HMRC setzt Bauoperationen i. S. d. CIS und Bauleistungen i. S. d. vorgenannten Vorschriften aufgrund des nahezu gleichen Wortlauts in FA 2004, Section 74(2), (3) und in SI 2019/892, Articles 5, 6 gleich. Jedoch führt ein Durchgriff des CIS auf die Umsatzsteuer in bestimmten Fällen dazu, dass das inländische Reverse-Charge-Verfahren auch dann greift, wenn der Ort der Leistung außerhalb des Vereinigten Königreichs liegt und an sich keine steuerbare Leistung im Vereinigten Königreich vorliegt.

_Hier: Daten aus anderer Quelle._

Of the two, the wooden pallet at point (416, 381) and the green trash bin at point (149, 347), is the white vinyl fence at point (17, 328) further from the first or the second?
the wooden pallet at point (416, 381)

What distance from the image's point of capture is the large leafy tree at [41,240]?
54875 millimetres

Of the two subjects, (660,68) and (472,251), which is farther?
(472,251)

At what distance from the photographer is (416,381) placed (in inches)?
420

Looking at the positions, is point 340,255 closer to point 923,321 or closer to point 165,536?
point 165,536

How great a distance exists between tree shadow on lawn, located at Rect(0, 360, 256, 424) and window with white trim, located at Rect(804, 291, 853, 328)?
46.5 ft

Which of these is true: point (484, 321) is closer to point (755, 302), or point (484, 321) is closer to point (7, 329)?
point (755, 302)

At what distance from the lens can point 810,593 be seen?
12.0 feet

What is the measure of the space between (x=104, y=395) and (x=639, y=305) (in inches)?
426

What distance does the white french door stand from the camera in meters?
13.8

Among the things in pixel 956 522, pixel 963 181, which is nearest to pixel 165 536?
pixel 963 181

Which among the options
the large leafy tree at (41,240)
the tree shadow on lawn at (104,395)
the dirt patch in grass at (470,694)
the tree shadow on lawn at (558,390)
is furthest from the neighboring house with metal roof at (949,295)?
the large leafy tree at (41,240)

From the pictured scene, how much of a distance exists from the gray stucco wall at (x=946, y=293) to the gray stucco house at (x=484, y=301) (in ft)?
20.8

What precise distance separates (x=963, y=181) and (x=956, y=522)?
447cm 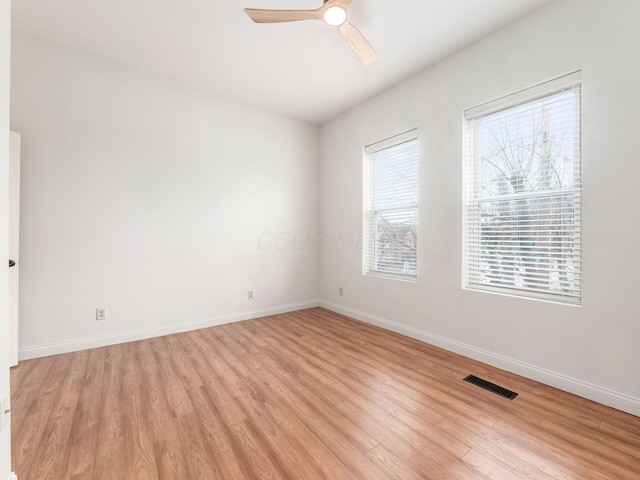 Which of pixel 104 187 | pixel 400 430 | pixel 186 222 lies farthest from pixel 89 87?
pixel 400 430

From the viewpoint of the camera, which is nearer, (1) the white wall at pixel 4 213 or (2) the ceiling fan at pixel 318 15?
(1) the white wall at pixel 4 213

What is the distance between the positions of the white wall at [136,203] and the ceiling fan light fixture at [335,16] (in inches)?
87.4

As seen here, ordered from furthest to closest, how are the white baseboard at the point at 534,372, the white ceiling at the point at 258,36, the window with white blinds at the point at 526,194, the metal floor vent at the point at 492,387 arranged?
the white ceiling at the point at 258,36, the window with white blinds at the point at 526,194, the metal floor vent at the point at 492,387, the white baseboard at the point at 534,372

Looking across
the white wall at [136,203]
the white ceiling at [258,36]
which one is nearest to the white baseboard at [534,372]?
the white wall at [136,203]

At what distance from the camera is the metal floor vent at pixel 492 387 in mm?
2078

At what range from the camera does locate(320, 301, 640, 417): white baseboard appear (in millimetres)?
A: 1904

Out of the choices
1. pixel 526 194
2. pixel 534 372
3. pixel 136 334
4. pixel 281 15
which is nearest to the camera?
pixel 281 15

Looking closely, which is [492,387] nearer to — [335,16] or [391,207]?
[391,207]

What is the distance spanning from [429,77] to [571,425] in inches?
128

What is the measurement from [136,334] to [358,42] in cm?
371

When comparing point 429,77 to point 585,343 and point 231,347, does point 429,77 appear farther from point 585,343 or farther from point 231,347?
point 231,347

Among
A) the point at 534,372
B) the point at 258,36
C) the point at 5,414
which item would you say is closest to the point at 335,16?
the point at 258,36

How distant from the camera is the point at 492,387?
2.19 metres

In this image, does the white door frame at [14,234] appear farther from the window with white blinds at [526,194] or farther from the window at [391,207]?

Ein deutsches Unternehmen D montiert für ein französisches Unternehmen F eine Ladentheke in einer Bäckerei im Vereinigten Königreich. Die Ladentheke wird von F gestellt und sie wird mit dem Boden lediglich verschraubt. D und F sind im Vereinigten Königreich zur Umsatzsteuer und zum CIS registriert. F hat nicht bestätigt, dass er ein Endkunde ist.
Lösung:
Die Leistung unterliegt m. E. nicht der britischen Umsatzsteuer, weil der Ort der Leistung nach der Grundregel am Ansässigkeitsort des F in Frankreich liegt. Es besteht kein Grundstücksbezug, weil die Theke leicht demontiert werden kann.

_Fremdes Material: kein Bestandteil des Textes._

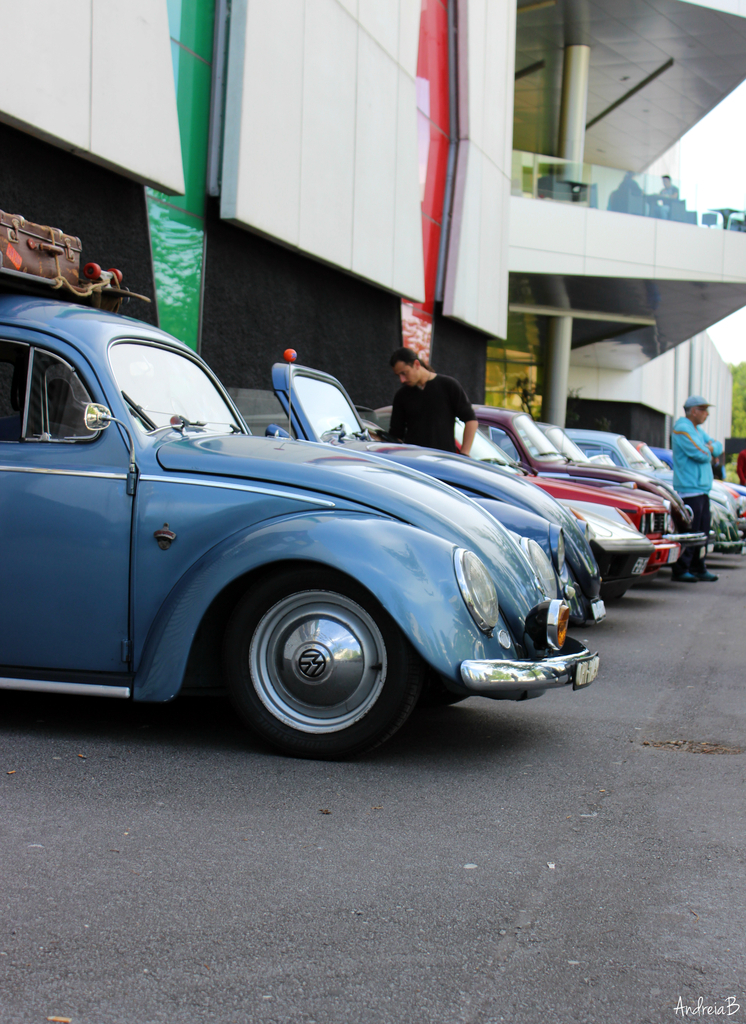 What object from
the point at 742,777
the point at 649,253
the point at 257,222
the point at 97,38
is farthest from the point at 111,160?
the point at 649,253

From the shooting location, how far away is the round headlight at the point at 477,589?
3.83 m

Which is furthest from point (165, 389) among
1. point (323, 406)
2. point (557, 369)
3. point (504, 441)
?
point (557, 369)

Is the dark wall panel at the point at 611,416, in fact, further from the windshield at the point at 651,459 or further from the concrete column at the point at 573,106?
the windshield at the point at 651,459

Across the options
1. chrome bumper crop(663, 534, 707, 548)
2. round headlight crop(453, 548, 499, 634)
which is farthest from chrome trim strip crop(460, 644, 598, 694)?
chrome bumper crop(663, 534, 707, 548)

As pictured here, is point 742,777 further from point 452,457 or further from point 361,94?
point 361,94

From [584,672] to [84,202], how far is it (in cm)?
776

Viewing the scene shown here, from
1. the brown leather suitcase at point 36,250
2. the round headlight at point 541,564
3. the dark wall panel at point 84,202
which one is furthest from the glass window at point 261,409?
the dark wall panel at point 84,202

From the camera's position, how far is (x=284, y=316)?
13.9m

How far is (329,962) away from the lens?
7.61 feet

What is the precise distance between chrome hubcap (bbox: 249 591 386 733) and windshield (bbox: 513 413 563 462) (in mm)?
6475

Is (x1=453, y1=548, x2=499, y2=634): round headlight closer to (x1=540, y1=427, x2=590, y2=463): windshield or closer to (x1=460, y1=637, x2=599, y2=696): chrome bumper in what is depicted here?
(x1=460, y1=637, x2=599, y2=696): chrome bumper

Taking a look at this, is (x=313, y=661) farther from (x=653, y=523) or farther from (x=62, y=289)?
(x=653, y=523)

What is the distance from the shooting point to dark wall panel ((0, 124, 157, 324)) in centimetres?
898

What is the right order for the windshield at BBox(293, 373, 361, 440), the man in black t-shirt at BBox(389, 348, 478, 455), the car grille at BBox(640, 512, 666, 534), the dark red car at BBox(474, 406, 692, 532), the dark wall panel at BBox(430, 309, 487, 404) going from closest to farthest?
the windshield at BBox(293, 373, 361, 440) → the man in black t-shirt at BBox(389, 348, 478, 455) → the car grille at BBox(640, 512, 666, 534) → the dark red car at BBox(474, 406, 692, 532) → the dark wall panel at BBox(430, 309, 487, 404) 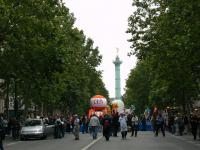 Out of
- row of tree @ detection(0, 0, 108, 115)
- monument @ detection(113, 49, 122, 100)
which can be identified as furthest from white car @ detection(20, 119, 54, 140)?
monument @ detection(113, 49, 122, 100)

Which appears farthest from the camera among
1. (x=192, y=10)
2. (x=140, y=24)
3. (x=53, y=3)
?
(x=140, y=24)

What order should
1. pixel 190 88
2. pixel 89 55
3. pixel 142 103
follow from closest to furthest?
pixel 190 88, pixel 89 55, pixel 142 103

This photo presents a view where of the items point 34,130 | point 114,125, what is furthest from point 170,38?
point 34,130

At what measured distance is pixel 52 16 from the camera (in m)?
39.7

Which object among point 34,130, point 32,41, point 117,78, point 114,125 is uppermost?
point 117,78

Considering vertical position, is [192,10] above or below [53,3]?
below

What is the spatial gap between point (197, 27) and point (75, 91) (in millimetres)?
43837

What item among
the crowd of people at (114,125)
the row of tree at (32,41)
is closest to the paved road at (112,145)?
the crowd of people at (114,125)

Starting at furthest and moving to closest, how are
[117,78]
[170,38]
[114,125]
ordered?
[117,78] → [114,125] → [170,38]

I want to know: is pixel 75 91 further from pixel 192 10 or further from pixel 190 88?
pixel 192 10

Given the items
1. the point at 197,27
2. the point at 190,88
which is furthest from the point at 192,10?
the point at 190,88

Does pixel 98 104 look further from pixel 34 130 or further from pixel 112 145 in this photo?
pixel 112 145

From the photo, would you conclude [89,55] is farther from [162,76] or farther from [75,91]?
[162,76]

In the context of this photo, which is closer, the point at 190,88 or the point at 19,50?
the point at 19,50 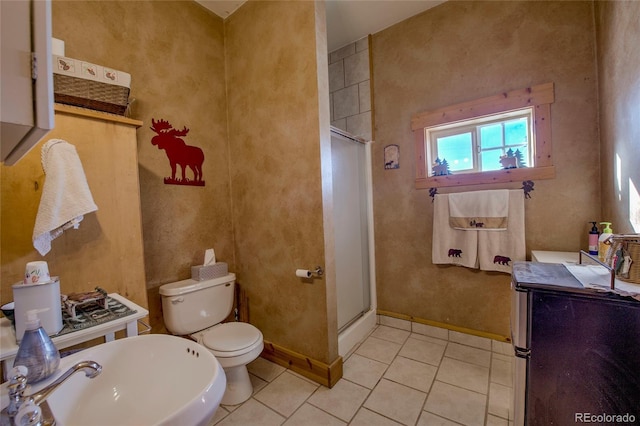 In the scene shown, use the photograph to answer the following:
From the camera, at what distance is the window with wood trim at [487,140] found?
1879mm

HMRC vertritt aber wohl die Ansicht, dass das inländische Reverse-Charge-Verfahren und damit britisches Umsatzsteuerrecht dennoch Anwendung findet. Denn die Installation von nicht frei stehender ("freestanding") Ladeneinrichtung ("shop fittings") fällt nach Ansicht von HMRC unter das CIS und die weiteren von HMRC genannten Voraussetzungen sind ebenfalls erfüllt.
Rz. 67
Stand: 6. A. – ET: 07/2024
Werklieferungen liegen m. E. nie im Anwendungsbereich des inländischen Reverse-Charge-Verfahrens, weil es sich hierbei um Lieferungen handelt, vgl. VATA 1994, Section 7(1), (3), ausdrücklich nur sonstige Leistungen ("services") geregelt werden, vgl. SI 2019/892, Article 3(1), und ausdrücklich nur Bauleistungen zusammen mit Materiallieferungen gemeint sind, die als einheitliche sonstige Leistung zu behandeln sind ("single supply of services"), vgl. SI 2019/892, Article 4. HMRC ist wohl derselben Ansicht. Denn auch wenn HMRC mal von sonstigen Leistungen ("services") und mal allgemein von Umsätzen ("supply") spricht, meint HMRC wohl stets nur sonstige Leistungen.